+++ Data
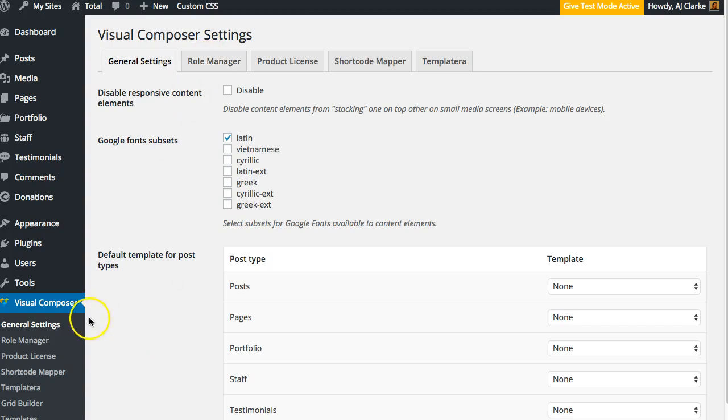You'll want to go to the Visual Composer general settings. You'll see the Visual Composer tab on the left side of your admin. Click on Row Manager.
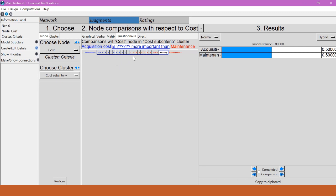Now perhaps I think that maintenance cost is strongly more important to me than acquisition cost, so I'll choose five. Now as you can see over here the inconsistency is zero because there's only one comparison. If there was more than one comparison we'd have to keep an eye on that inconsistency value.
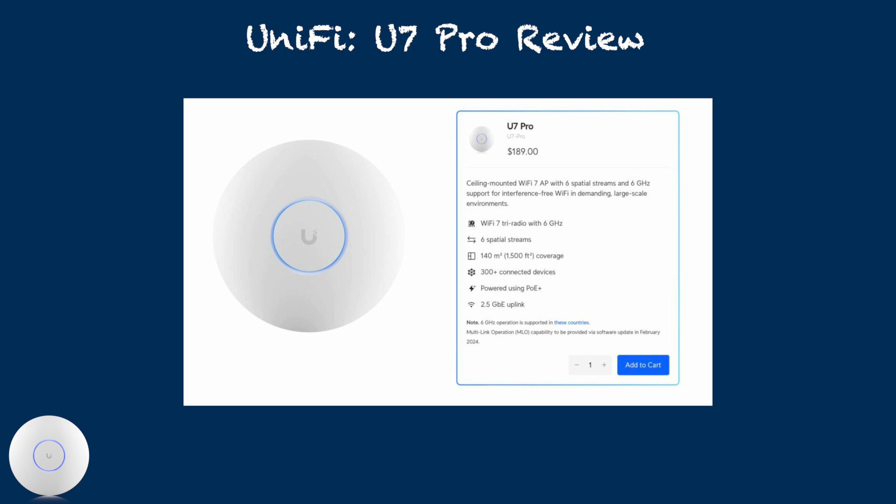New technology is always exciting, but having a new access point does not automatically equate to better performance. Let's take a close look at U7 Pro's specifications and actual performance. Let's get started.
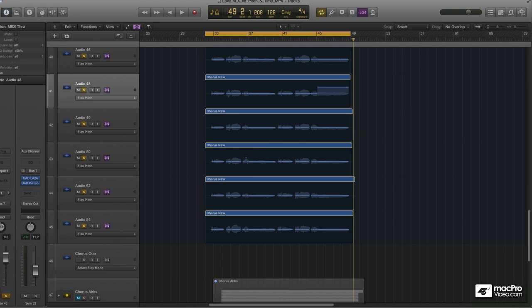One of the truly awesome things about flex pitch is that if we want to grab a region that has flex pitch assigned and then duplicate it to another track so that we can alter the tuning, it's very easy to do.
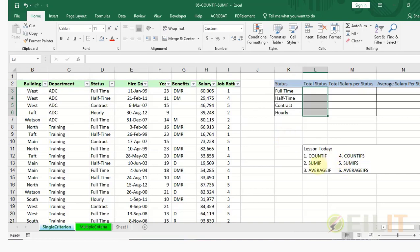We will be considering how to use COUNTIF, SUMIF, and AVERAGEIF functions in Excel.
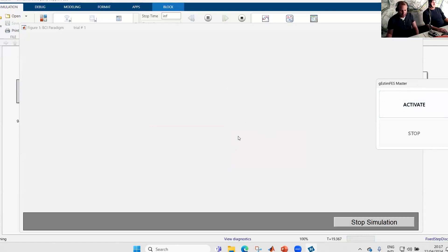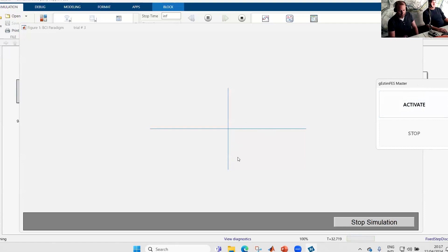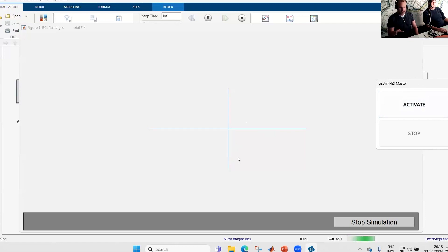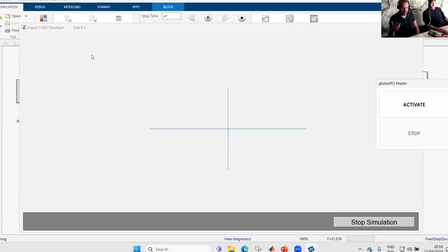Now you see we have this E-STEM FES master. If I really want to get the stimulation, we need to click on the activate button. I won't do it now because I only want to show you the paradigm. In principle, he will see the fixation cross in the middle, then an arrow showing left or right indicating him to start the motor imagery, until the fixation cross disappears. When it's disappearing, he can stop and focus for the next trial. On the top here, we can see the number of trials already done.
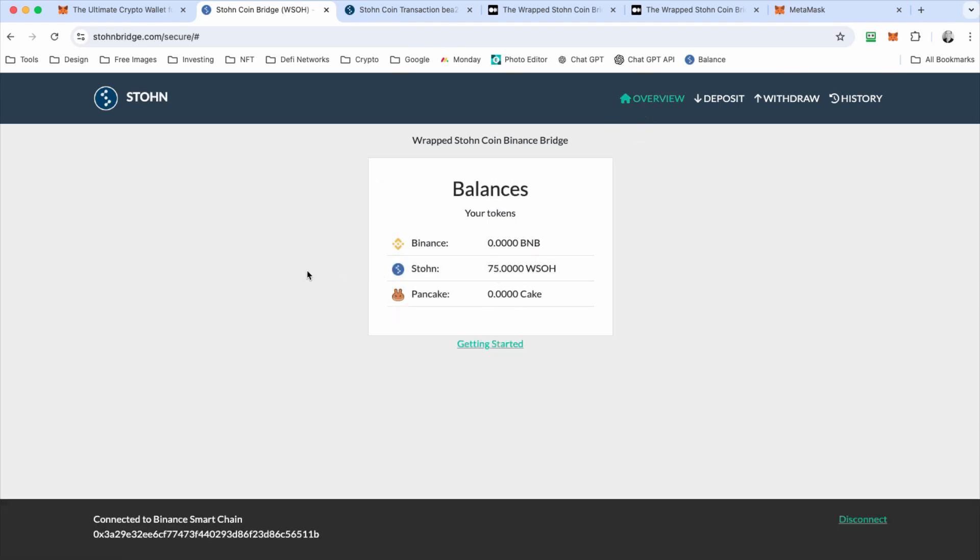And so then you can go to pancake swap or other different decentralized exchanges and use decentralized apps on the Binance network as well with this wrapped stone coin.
++++++
### Goal of the exercise
Using the entries above, repeat exactly the lines from the one with "Now perhaps I" to the one with "New technology is", both included, and leave the pictures behind.

### Worked solution
Now perhaps I think that maintenance cost is strongly more important to me than acquisition cost, so I'll choose five. Now as you can see over here the inconsistency is zero because there's only one comparison. If there was more than one comparison we'd have to keep an eye on that inconsistency value.
New technology is always exciting, but having a new access point does not automatically equate to better performance. Let's take a close look at U7 Pro's specifications and actual performance. Let's get started.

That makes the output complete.